Under the locked box mechanism, the seller typically provides various representations and warranties, agrees to various covenants and can indemnify the buyer that they won’t knowingly permit or incur unpermitted transactions from the date of signing to the date of closing. Typically, the seller will indemnify the buyer by providing “first dollar” coverage for any unpermitted transactions that occur.
Another caveat that’s often negotiated between the buyer and seller under this mechanism is the lost opportunity costs to the seller. At times, the buyer is required to pay the seller interest expense on the purchase price from the date of signing to the close date of the transaction due to the lost opportunity costs to the seller.
Advantages & Disadvantages of the Locked Box Mechanism
Although the locked box mechanism generally is considered seller-friendly, it’s commonly used between buyers and sellers in Europe and other parts of the world. Posted below is a brief summary of the advantages and disadvantages to the seller and buyer of using the locked box mechanism versus the traditional working capital mechanism.
- Certainty of price – Provides a benefit to both parties relative to price certainty at date of signing.
- Simplicity – Reduces the risk of any post-closing working capital disputes. Many times, shareholders selling the company will continue as employees post-close. The locked box method alleviates potential disruptions to the business post-close from any financial disputes between the buyer and seller. Also, since there are no post-close true-ups, the buyer and seller can remain focused on running the business and not be concerned with contemplating or settling any post-closing working capital true-ups.
- Speed and savings – Alleviates any drawn-out debate over the method to calculate or settle the working capital mechanism pre- and post-close.
- Comparability – Under an auction-related process, the seller is better able to compare offers, as there’s certainty over the purchase price being offered.

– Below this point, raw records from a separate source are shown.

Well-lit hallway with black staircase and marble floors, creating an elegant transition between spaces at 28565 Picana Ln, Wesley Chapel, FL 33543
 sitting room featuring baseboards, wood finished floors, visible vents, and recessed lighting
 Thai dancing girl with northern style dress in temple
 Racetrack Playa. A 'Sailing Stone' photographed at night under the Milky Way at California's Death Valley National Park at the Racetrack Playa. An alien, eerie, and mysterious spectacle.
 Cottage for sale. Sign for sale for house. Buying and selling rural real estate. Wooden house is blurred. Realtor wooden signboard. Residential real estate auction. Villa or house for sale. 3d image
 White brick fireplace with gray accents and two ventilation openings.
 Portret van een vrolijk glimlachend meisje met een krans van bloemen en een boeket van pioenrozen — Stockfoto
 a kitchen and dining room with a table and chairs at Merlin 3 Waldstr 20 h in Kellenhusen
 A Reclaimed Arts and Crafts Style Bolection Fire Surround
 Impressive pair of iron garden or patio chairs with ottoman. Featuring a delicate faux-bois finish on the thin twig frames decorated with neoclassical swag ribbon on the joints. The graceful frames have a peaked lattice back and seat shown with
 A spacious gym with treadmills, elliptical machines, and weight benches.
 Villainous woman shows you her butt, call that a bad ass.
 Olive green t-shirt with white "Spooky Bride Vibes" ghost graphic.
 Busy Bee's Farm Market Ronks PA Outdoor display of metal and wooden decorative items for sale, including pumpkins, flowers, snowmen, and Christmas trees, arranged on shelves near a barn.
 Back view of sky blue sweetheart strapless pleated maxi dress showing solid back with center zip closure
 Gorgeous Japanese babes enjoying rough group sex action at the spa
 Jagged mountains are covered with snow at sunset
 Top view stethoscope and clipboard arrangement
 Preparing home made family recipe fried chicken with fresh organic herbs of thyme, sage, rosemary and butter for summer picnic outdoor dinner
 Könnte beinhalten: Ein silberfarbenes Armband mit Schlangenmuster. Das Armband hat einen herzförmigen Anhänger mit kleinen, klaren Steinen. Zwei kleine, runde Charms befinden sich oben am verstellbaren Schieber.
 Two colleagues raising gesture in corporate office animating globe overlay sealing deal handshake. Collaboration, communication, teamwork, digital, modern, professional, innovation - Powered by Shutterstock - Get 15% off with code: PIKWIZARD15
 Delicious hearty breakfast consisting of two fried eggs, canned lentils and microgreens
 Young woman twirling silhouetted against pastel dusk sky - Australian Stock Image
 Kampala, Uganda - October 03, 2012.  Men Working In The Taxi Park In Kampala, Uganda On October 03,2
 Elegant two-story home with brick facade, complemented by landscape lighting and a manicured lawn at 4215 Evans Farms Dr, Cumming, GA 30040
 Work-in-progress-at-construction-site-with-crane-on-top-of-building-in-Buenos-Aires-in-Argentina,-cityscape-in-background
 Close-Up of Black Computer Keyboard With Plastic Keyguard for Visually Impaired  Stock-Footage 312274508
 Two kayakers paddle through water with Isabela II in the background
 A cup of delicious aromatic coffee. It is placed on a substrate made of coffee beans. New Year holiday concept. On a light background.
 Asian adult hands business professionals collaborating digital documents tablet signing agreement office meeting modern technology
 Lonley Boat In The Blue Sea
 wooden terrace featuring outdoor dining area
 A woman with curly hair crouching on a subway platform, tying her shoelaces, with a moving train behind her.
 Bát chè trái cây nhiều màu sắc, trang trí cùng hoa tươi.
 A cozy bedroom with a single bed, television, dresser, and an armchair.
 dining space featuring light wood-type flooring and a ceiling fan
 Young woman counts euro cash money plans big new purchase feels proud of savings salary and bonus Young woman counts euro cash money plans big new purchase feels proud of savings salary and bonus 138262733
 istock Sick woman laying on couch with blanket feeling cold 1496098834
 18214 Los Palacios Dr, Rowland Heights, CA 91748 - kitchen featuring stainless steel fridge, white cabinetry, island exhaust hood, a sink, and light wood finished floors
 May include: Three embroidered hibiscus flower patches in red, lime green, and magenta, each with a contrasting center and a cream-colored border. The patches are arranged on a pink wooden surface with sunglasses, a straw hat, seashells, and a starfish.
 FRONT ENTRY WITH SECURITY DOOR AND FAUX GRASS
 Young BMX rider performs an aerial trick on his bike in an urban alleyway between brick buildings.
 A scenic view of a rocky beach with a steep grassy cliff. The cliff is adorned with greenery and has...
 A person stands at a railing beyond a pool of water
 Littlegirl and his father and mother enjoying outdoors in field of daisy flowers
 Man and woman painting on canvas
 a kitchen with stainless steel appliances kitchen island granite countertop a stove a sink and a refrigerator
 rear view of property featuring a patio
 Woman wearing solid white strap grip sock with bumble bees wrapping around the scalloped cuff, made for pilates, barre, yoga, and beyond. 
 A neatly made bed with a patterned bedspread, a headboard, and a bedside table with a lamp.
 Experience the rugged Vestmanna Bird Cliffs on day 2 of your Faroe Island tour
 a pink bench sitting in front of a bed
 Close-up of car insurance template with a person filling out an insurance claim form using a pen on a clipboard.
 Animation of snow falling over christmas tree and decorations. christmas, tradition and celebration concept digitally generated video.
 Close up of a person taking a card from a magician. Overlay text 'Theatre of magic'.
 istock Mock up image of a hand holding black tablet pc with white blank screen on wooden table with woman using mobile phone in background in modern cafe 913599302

- Exclusivity – The buyer is committed to the purchase price before receiving exclusivity to perform any diligence.
- Exploitation – There’s an inability to exploit the purchase price by the seller or buyer because there’s no working capital true-up involved.
- Control and leakage – Under the locked box mechanism, the seller typically holds an advantage because it prepares the locked balance sheet and the buyer has limited access to the information used to construct such a balance sheet or propose or identify potential items considered leakage.
- Change in the business – Because the balance sheet is locked and the seller doesn’t benefit from any increase in the business after signing, the seller may lack incentive to increase the value of the business during the period between signing and close of the transaction.
Each party should determine which mechanism is best suited for its needs and consider what could be negotiated between the two parties. As noted above, the locked box mechanism is prevalent in Europe and other parts of the world. It can provide both parties with certainty around the purchase price negotiated for the transaction and alleviate any potential working capital disputes that could arise post-close. Although the locked box mechanism isn’t appropriate for all transactions, it can save both parties time and resources and can ensure the transaction gets done.